Menurutnya, dengan adanya peternakan ayam pelung yang semakin berkembang di Kabupaten Sukabumi akan memberikan dampak ganda yang dapat mendorong tumbuhnya usaha lain, seperti usaha pakan ayam dan lainnya.

Pemkab Sukabumi melalui Dinas Peternakan setempat akan terus memberikan kontribusi secara aktif terhadap  kegiatan yang diselenggarakan oleh asosiasi peternak unggas untuk terus merangsang pelaku usaha peternakan untuk mengembangkan hasil ternaknya seperti ayam pelung ini.

Tentunya, peternak pun harus mempunyai daya saing dalam memproduksi benih maupun indukan ayam pelung berkualitas sehingga nilai jualnya menjadi terdongkrak dan imbasnya kesejahteraan peternak meningkat.

"Ayam pelung tidak hanya sebatas hewan ternak saja, tetapi unggas ini pun mempunyai daya tarik tersendiri selain bobotnya yang besar didukung dengan performa tubuhnya yang gagah dan kekhasan suaranya bisa menjadi daya tarik wisatawan," tambahnya.

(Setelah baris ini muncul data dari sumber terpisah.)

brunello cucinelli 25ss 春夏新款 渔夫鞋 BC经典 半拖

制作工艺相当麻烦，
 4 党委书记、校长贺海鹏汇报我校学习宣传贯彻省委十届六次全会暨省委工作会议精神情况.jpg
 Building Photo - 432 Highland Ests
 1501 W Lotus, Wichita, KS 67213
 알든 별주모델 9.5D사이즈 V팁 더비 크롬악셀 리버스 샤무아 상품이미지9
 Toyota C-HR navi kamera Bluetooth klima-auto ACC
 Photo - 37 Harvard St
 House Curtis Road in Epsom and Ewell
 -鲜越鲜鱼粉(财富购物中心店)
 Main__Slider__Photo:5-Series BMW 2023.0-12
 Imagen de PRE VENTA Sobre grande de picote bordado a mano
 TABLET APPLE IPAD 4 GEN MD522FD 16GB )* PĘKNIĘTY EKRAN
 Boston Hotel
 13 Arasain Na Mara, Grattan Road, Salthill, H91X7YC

Di sisi lain, Marwan mengatakan dengan rutin digelar kontes ayam pelung seperti yang diselenggarakan Himpunan Peternak dan Penggemar Ayam Pelung Indonesia (HIPPAPI) Kabupaten Sukabumi akan merangsang peternak untuk terus meningkatkan kualitas ayam jagoannya.

Apalagi unggas ini merupakan merupakan aset nasional yang menjadi kebanggaan masyarakat Jabar yang berasal dari Kabupaten Sukabumi dan Cianjur. Tentunya pemurnian ayam pelung pun harus dijaga karena ayam ini memiliki kualitas dan kekhasan tersendiri.